President Donald Trump and Republican lawmakers believe so. However, companies’ recent financial filings suggest that the picture may be more complicated. For one thing, the lack of certainty about when, and how, deregulation will be effected makes corporate decision-making challenging.
Let’s take the financial services industry for example, the sector most likely to be impacted if the Dodd-Frank Act were to be pared back.
Prudential Financial Inc., in a Feb. 17 Form 10-K filed with the Securities and Exchange Commission, warned investors that it can’t “predict the timing or requirements of the regulations not yet adopted under Dodd-Frank or how such regulations will impact our business, credit or financial strength ratings, results of operations, cash flows, financial condition or competitive position. Furthermore, we cannot predict whether such regulations will make it advisable or require us to hold or raise additional capital or liquid assets, potentially affecting capital deployment activities, including buying back shares or paying dividends.”
More recently, Blackstone Group LP told investors in its annual report filed Feb. 24 that regulatory reform could have a material impact on its funds.

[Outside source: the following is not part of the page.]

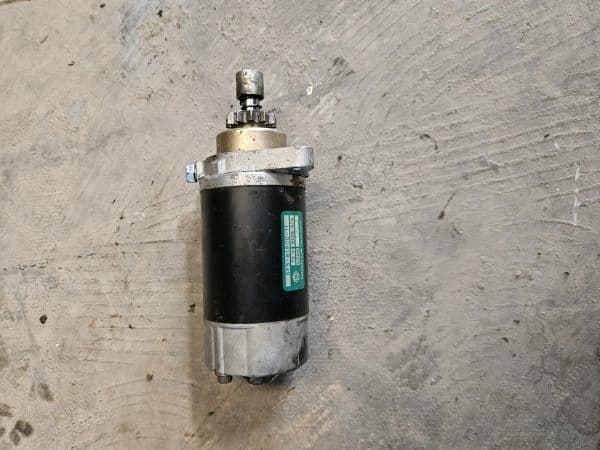 Demarreur S108-87A Yamaha 50cv 2 temps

“A prolonged environment of regulatory uncertainty may make the identification of attractive investment opportunities and the deployment of capital more challenging,” Blackstone said in its Form 10-K. “In addition, our ability to identify business and other risks associated with new investments depends in part on our ability to anticipate and accurately assess regulatory and other changes that may have a material impact on the businesses in which we choose to invest. The failure to accurately predict the possible outcome of policy changes and regulatory reform could have a material adverse effect on the returns generated from our funds’ investments and our revenues.”
Beyond financial rule amendments, Blackstone said that other changes contemplated by the Trump administration--such as in immigration policy, health care, corporate tax and international trade--may create regulatory uncertainty for its funds’ portfolio companies and its investment strategies, and “adversely affect the profitability” of the portfolio companies.
Ultimately, regulatory changes “may impose additional costs on us and our funds’ portfolio companies, require the attention of our senior management or result in limitations on the manner in which business is conducted, or may ultimately have an adverse impact on the competitiveness of certain non-bank financial service providers vis-à-vis traditional banking organizations,” Blackstone said.
In short, uncertainty is bad for business. And deregulation—like regulation—may have unintended consequences.
Unfortunately, much still remains unclear. Trump’s Feb. 3 executive order lays out core principles for how he intends to regulate the U.S. financial system but he hasn’t spelled out with any specificity how he intends to proceed. The president’s Feb. 28 address to the joint session of Congress didn’t add any clarity and Republicans have yet to introduce legislation to address Dodd-Frank.